Investor Conference Call Highlights

  1. In branding expenses, the incremental expenses came in at 1% of revenues at Rs 20 Cr in Q1.
  2. In other income, the company gained Rs 72 Cr which includes net gain in forex of Rs 42 Cr and a net gain in investment of Rs 29 Cr. In the forex gain, Rs 28 Cr was realized net gain while the rest is unrealized.
  3. The volume breakup is as follows:
    • OTR:                 36% share            Up 10%
    • Agriculture:     60% share           Down <10%
    • ATV & Others: 4% share
  4. A large contribution of the growth in the OTR segment was from mining tires.
  5. The geographical volumes breakup is as follows:
    • EU: 49%
    • USA: 17%
    • India: 22%
    • Rest of World: 12%
  6. OEM volumes stood at 27% while replacement stood at 71% and others counted for 2% of total volumes.
  7. The total CAPEX in FY20 is expected to be around Rs 600 Cr.
  8. The management does not see the US CAPEX plan to kick-off in the foreseeable future.
  9. The management has highlighted manpower costs (5-6% for BKT vs 27-28% for peers) and selling & warehousing costs (4-5% for BKT vs 15-16% for peers) as the main differentiators for the company in comparison with their international peers. Both of these are unique advantages derived from the company’s operations in India.
  10. The company expects to maintain their guidance of 3-5% volumes growth for FY20 as channel inventory levels have gone down 50% from normal levels and this should spur higher sales volumes in the latter half of FY20.
  11. The realizations have declined due to passing on the reduction in raw material prices to the customer and the unfavorable forex conditions where the company has hedged euros at Rs 81 while the current levels are at Rs 78.
  12. The company expects to maintain all of their other expenses within 4-5% of revenues.
  13. The management expects costs of raw materials to go further down as crude prices are down and natural rubber is also going down this year.
  14. The management have indicated that margins can be expected to rise sequentially due to expected raw material price reductions in the near future.
  15. The company is optimistic that if current conditions and trends in India persist then the company can increase revenue share of India market to 25-26% from current levels in a few years.
  16. The company expects an improvement of only 80 to 100 bps from the carbon black plant.
  17. The company expects to be spending around 1.25% of revenues in incremental branding costs for the next few years.
  18. The company is comfortable despite volume contraction of 10% as the industry has declined much more drastically with a 25-30% contraction in volumes. Thus the company is confident of gaining market share despite fall in sales volumes.
  19. The CAPEX for FY20 is around Rs 600 Cr while FY21 should see CAPEX of around Rs 500-550 Cr including maintenance CAPEX.

Analyst’s View

BKT has been a rising player in the off-road tires business for years now. They have indeed suffered from volume contraction of 10% YoY but they remain optimistic of gaining market share as the industry decline has been more severe at more than 25%. The company has stayed true to its commitment to increase brand presence to drive growth in India and abroad, all of which is evident from its various branding initiatives and incremental advertising costs. The company has also shown that they are agile enough to reverse big strategic decisions like moving away from the US expansion in lieu of the current macro environment. As mentioned above, the industry is in a slowdown phase and it remains to be seen how long these conditions persist. Nonetheless, BKT remains a good stock to keep an eye on considering its resilient performance despite the industry slowdown and the commitment to keep raising its market share even in such tough conditions.
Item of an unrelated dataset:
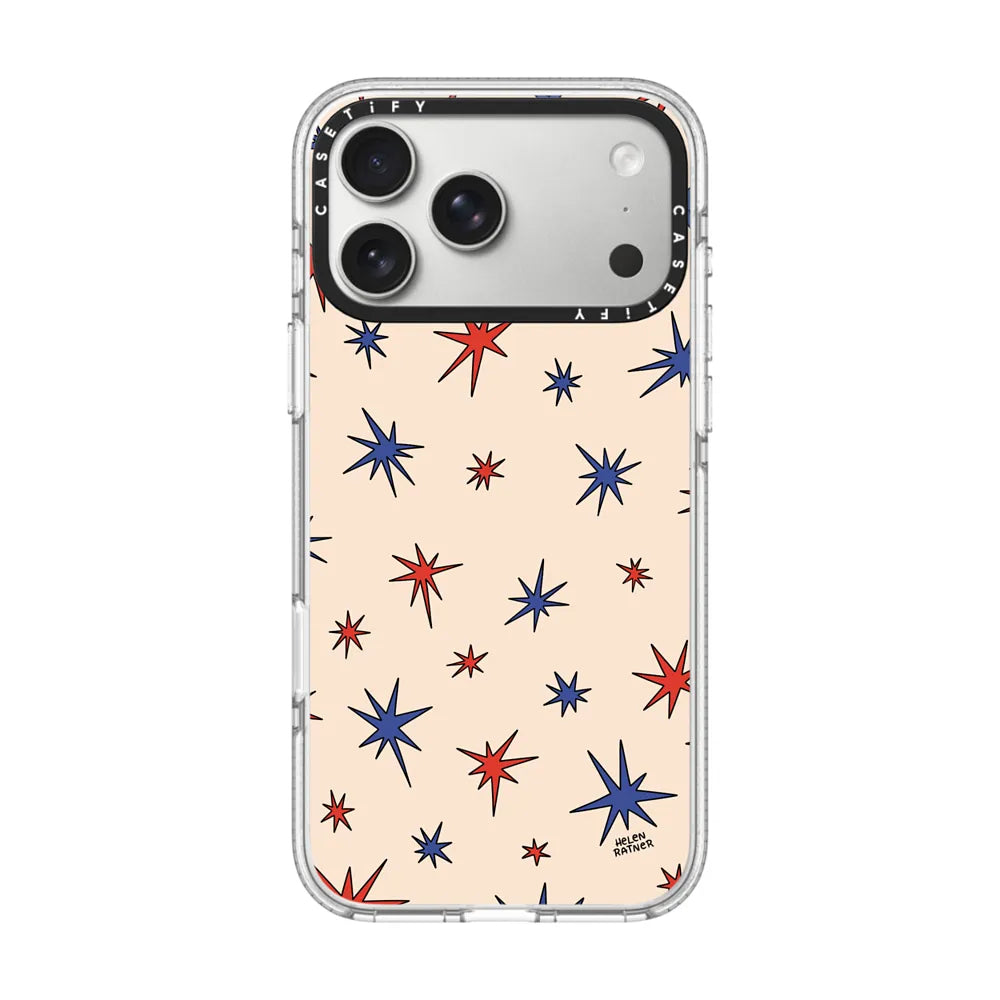 Galactic Glitter - Beige, Orange, and Blue Wonky Stars | Image 1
If you’d like to read our detailed report on BKT’s moat please click here.


Q4 2019 Updates

Financial Results & Highlights

                                                                Standalone Financials (In Crs)
Q4FY19 Q4FY18 YoY % Q3FY19 QoQ % FY19 FY18 %  Change
Sales 1391.2 1315.46 5.76% 1206.56 15.30% 5458.7 4800.67 13.71%
PBT 275.88 297.58 -7.29% 216.5 27.43% 1183 1118.5 5.77%
PAT 184.74 193.62 -4.59% 144.7 27.67% 782 739.25 5.78%
                                                                Consolidated Financials (In Crs)
FY19 FY18 %  Change
Sales 5428.16 4800.72 13.07%
PBT 1176.56 1116.04 5.42%
PAT 773.65 735.79 5.15%

 

Detailed Results

    1. Sales volumes grew 3% YoY for Q4 and 6% YoY for FY19.
    2. FY19 Revenues grew 13% YoY and Q4 Revenues grew only 5.76% YoY.
    3. EBITDA margins were at 24.8% and 26.8% for Q4 and FY19 respectively.
    4. Profit margins were at 13.6% and 14.7% for Q4 and FY19 respectively.
    5. There was a slight decline in EBITDA margins which was mainly due to lower forex rates and higher raw material prices. Higher brand and advertising spends also contributed to lower margins for the quarter and FY19.
    6. Gross profit margin declined QoQ mainly due to lower sales realization and high cost of inventory of previous quarter.
    7. The company has guided that sales volumes should rise 3%-5% in FY20.
    8. The company has started manufacturing large size 51-inch diameter tyres at their Bhuj facility.
    9. The company continues to consolidate its strong brand presence by sponsoring various sporting events like football leagues in France and Italy, T20 league in Austrailia and as official and exclusive tyre supplier to Monster Jam (a freestyling and racing competition involving monster trucks) in USA.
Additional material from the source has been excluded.